FLIR Optical Gas Imaging Cameras Meet EPA Methane Rule Standards

FLIR Optical Gas Imaging Cameras Meet EPA Methane Rule Standards

Wednesday, September 14, 2016

GF320 Jonah

Two FLIR optical gas imaging (OGI) cameras – the FLIR GF320 and GF300 – have received sensitivity standard validation by UK-based National Physical Laboratory (NPL), making them compliant with the US Environmental Protection Agency (EPA’s) recently announced methane rule.

Earlier this year, the EPA released first-ever standards to cut methane emissions from the oil and gas sector. Part of that regulation, called Subpart OOOOa, or Quad Oa, requires leak detection and repair for oil and gas operations, recommending quarterly or bi-annual surveys using optical gas imaging cameras.

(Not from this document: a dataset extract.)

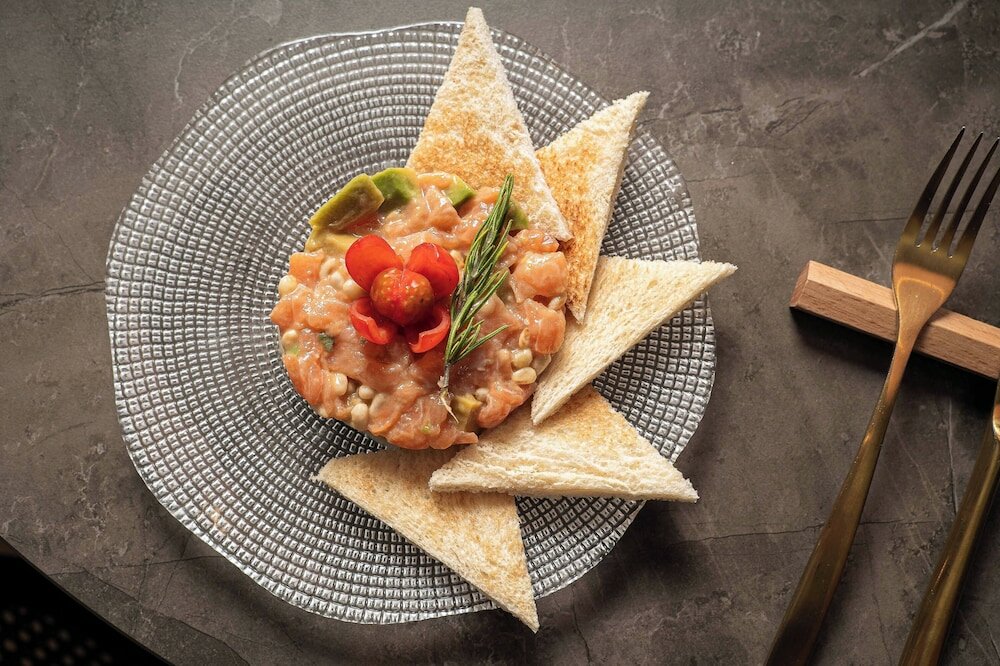 Фото Отель Catalonia Park Güell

The EPA OOOOa methane rule references OGI technology like that in FLIR GF320 and GF300, as the best system of emission reduction (BSER) on specific sources at compressor stations and well sites across the United States. The rule adds that any OGI equipment used for compliance purposes must be capable of imaging a gas that is half methane, half propane at a concentration of 10,000 parts per millions (ppm), at a flow rate of less than 60 grams per hour, from a quarter inch diameter orifice. The NPL’s validation confirms that FLIR’s technology has these capabilities.